So, you get at those points in time, and this is what's happening now with the equity side. It's not necessarily economic growth or what they expect in profits, et cetera. It's where can I put my money that I think I'm at least going to get the majority of it back?
Europe is in serious, serious trouble. Italy is kind of like moving toward creating a two-tier monetary system. This is what happens historically. Great Depression, there were over 200 cities in the US that issued their own currency. They did the same thing called notgeld in Germany during the hyperinflation period. Companies were issuing their own currency. They always go for premium versus the government.
And if you look at what survived the hyperinflation of Germany, it was real estate and corporate assets. When they came out with the new currency in 1925, it was backed by real estate. So you reach these points where it's tangible assets versus anything on the public side. And I strongly advise everybody, do not own any municipal bonds, state bonds. The Fed US treasuries are probably good still for another two to three years. After that, forget it.
Because what will happen is that you start getting a couple municipal defaults and then it spreads like a contagion. They start looking around and say, "Oh, gee, who's next?" This is what happened with Greece. And soon as Greece got in trouble back in 2010, the markets made a lot of money. Traders, okay, fine. Then they looked around and said, "Hm, that's interesting. Who's next on the list? Oh, Portugal, yeah. Then Spain and Italy." Then they even went after France. That's how capital moves. It's a contagion.
And you're going to read 1931 chapter, Hubert Hover Memoirs. He explain the same exact thing. He says, "Capital acted like a loose cannon on the deck of a ship in the middle of a hurricane." He said, "Shooting off in every which direction so fast they couldn't even form a committee to figure out what was going on." Once Austria defaulted, that's it. Germany was next. Everybody ends up defaulting. Even Britain went into a moratorium. So, it's a contagion.

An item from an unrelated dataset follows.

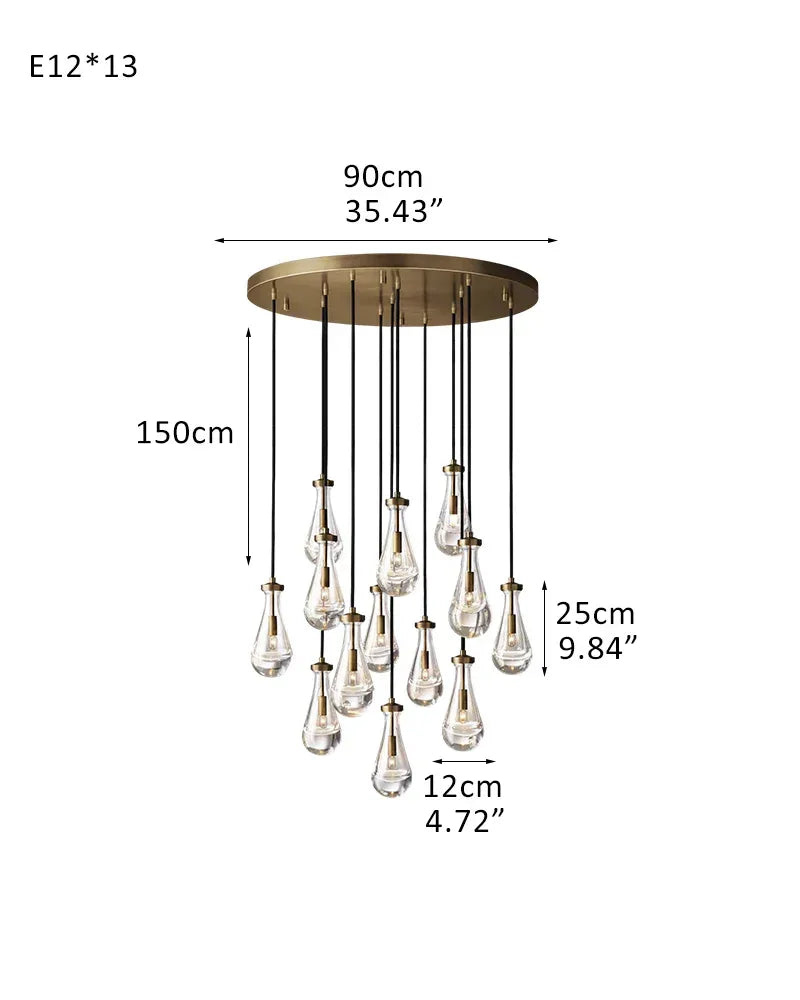 Vintage Brass Rainfall Crystal Round Chandelier 13 lights Cluster Pendant Lighting 13-light-D12*H25CM D4.7"*H9.8" Brass American chandelier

So once you get that first crack, that's it. The only thing that's going to up are private assets.
Chris Martenson: And let's explore that a little bit. So obviously, we had a long up-cycle here and I'm wondering – first question is where are we in that cycle in terms of your Economic Confidence Model? And second, when it does finally turn the corner, something you said earlier – let me see if can phrase it correctly. The central banks might be able to wiggle things around at the margin but they can't change the trend. So when this trend changes, you're saying here that private assets are going to be a better place to be than public assets, not state, not muni, things like that. Maybe treasuries but maybe not Euro area sovereign debt, things like that, if I've captured all that right.
So when this turns, what do you think this looks like?

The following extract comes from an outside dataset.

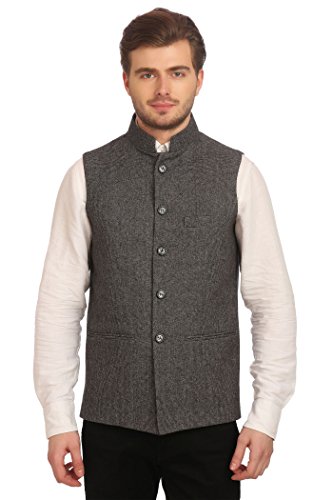 Image of WINTAGE Men's Tweed Bandhgala Festive Nehru Jacket Waistcoat -7 Colors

Martin Armstrong: It looks like we're heading – that the next business cycle on the Economic Confidence Model bottoms in January. So the next wave is basically in a six year wave. So this one has been deflationary, which is why the quantitative easing has failed, et cetera. The next one will be inflationary.
So this is what the markets are starting to show you. Gold has kind of poked its head up, finally. But unlike the gold bugs, I mean, just listen to what they say, "Oh, everything's going to crash and only gold's going to up." Sorry, the stock market has been making new highs with gold.

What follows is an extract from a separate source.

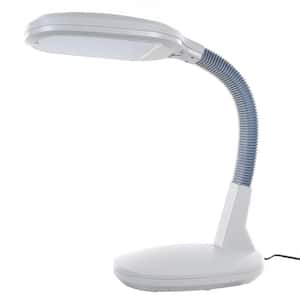 26 in. White Plastic LED Sunlight Gooseneck Desk Lamp with Dimmer Switch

If you look historically, it's the private versus the public. So gold will only move opposite of private assets when you're on a gold standard. When you're not on a gold standard, gold will move with the rest of the private assets, and both are moving up.
So the next wave, they're showing you what's coming. And then next wave is going to be an inflationary one, and that's probably going to run off into a peak around 2024. But we have serious problems heading in here. I would say you have a major crisis coming on monetary side. We'll probably see something similar to like an international meeting of Bretton Woods, et cetera, most likely by 2021 to 2022, not that you're going back to gold standard or something.
But just that we are in a situation where the philosophy of currency is different between the United States and Europe. US always wants a cheaper dollar because they look at, okay, the dollars down, we can basically sell more goods. So the two times the dollar went up dramatically was during the Great Depression because everybody else was defaulting, and that's where FDR ends up devaluing the dollar.
All right, when is the second time? 1985. And what did they do then? They created the G-5 at the Plaza Accord. They lowered the value of the dollar by 40 percent. US always wants a cheaper dollar. Europe always wants a stronger currency. It's a philosophy that has emerged since World War II.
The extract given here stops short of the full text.